India’s Look West Policy

India’s Look West Policy

India’s Look West Policy


  • India’s Look West Policy is a strategy adopted by India to strengthen its relations with Arab nations, Iran, and Israel. It aims to promote economic, political, and cultural ties with these countries. It also aims to enhance cooperation in various fields such as trade, energy, security, and technology.
  • India seeks to pursue a multi-dimensional engagement with West Asia. While much focus is often given to India’s ‘Act East’ policy, India’s ‘Look West’ policy too is evolving rapidly.
  • Sustained high-level engagements have ensured that India’s voice is becoming an important one in the region.
  • India has established independent links with estranged players in the region such as Saudi Arabia, the UAE, Qatar, and Iran.
  • The relations traditionally were based on energy and the Indian Diaspora, but now India seeks to maintain relations to be a significant power in the world.
  • Oman has been a long-standing partner of India in West Asia, where Indians constitute the largest expatriate community.
  • With the Indian Ocean becoming a priority focus area for New Delhi, Oman’s significance is likely to grow.
  • Naval cooperation has already gained momentum with Muscat giving berthing rights to Indian naval vessels to fight piracy in the Gulf of Aden.
  • India and Oman are enhancing cooperation in the fields of health, tourism, and peaceful uses of outer space.
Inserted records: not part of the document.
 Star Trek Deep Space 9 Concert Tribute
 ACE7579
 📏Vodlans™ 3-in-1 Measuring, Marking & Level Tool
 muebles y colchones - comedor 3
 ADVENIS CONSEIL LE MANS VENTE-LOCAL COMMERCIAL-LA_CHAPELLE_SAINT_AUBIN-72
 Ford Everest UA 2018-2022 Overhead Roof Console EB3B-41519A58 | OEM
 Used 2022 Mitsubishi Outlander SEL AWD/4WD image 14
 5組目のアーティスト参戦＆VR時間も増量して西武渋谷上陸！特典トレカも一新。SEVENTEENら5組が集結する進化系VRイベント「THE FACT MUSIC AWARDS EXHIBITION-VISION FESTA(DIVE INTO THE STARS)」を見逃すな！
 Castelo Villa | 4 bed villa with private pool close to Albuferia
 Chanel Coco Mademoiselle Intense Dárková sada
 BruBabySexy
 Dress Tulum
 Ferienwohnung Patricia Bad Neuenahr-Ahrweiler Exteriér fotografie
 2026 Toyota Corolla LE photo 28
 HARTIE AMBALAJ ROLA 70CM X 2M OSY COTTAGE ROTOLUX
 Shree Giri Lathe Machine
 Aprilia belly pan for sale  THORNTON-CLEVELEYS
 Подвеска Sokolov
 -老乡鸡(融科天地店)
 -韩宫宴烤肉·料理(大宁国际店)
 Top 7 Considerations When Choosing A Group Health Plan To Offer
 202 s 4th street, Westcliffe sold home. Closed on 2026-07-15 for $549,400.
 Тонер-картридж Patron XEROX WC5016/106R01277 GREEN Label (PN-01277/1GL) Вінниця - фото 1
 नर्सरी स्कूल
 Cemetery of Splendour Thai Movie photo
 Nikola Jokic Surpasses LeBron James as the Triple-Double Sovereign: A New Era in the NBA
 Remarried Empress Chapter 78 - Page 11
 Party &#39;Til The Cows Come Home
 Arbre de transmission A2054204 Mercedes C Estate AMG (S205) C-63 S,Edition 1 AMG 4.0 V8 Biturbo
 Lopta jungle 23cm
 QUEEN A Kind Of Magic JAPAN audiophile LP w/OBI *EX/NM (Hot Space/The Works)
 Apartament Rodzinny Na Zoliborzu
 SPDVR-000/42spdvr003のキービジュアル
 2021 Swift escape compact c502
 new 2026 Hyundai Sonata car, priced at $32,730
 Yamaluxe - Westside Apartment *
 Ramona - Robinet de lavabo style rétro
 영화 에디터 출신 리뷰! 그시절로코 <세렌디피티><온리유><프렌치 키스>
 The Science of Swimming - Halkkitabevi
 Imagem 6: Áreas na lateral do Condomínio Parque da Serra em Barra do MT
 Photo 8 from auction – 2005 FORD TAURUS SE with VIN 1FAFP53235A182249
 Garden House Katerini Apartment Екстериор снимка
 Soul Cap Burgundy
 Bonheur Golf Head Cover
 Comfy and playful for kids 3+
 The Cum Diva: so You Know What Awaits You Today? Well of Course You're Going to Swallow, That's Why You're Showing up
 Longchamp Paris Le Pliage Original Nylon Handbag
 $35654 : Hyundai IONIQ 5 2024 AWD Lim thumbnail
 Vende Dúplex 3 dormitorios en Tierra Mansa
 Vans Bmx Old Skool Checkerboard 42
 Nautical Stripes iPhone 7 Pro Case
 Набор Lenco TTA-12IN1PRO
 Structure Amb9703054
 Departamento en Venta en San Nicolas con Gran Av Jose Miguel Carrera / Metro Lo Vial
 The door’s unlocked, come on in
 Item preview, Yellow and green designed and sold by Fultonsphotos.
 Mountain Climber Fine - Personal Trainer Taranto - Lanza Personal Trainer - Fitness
Significance of Look West Policy

  • India is in a good position to be trusted by all the major factions in the Middle East; it has good relations with Iran, Saudi Arabia, Israel, Iraq, and the Gulf States.
  • The numbers on trade between India and the Gulf countries are impressive. There are large Indian communities in the Gulf States.
  • The remittances sent by Indian labor migrants have added to the economic relationship.
  • West Asia is crucial for stability and economic growth in India because around 65% of our oil and more than 80% of our gas supplies come from this region.

 India’s Role

  • Palestinian President Mahmoud Abbas called for a potential Indian role in the West Asian peace process.
  • Palestine, which has turned away from a US-led mediation, now counts on India to realize the two-state solution.
  • India remains strongly committed to the establishment of a viable Palestinian state, living at peace with Israel.
  • India is looking for renewed alignments, investment opportunities, and diaspora outreach in the region.
  • India acts as an important market for the Gulf oil economies, their aviation companies, and a provider of technology and human resources.
  • Joint military exercises to control “non-State actors”.
  • Today, New Delhi is building infrastructure in Iran while also sharing intelligence with Saudi Arabia.

Containing China

  • China and India, as two emerging powers, are yet to articulate a clear road map for the region.
  • With China’s expanding footprint in the Indian Ocean Region, India must strengthen security ties with littoral states.

Concerns / Challenges

  • ASEAN has been the vehicle for India’s expanding partnership with Southeast Asia, but there is no similar forum in the Middle East.
  • Ideological, political, and religious divisions in India over the Middle East have long complicated Delhi’s thinking of the region.
  • Instability in the region due to ISIS.
  • Growing rivalry between the Sunni Arabs and Shia Iran.

Way Forward

  • India’s West Asia engagement must focus on delivering on its commitments and strengthening its presence as an economic and security partner.
  • This is crucial for India as America’s stakes in the region are declining.
  • India as an emerging power needs to articulate a clear road map for the region.
  • With growing conflicts between countries in the region, India will have to be more pragmatic in its approach towards the region.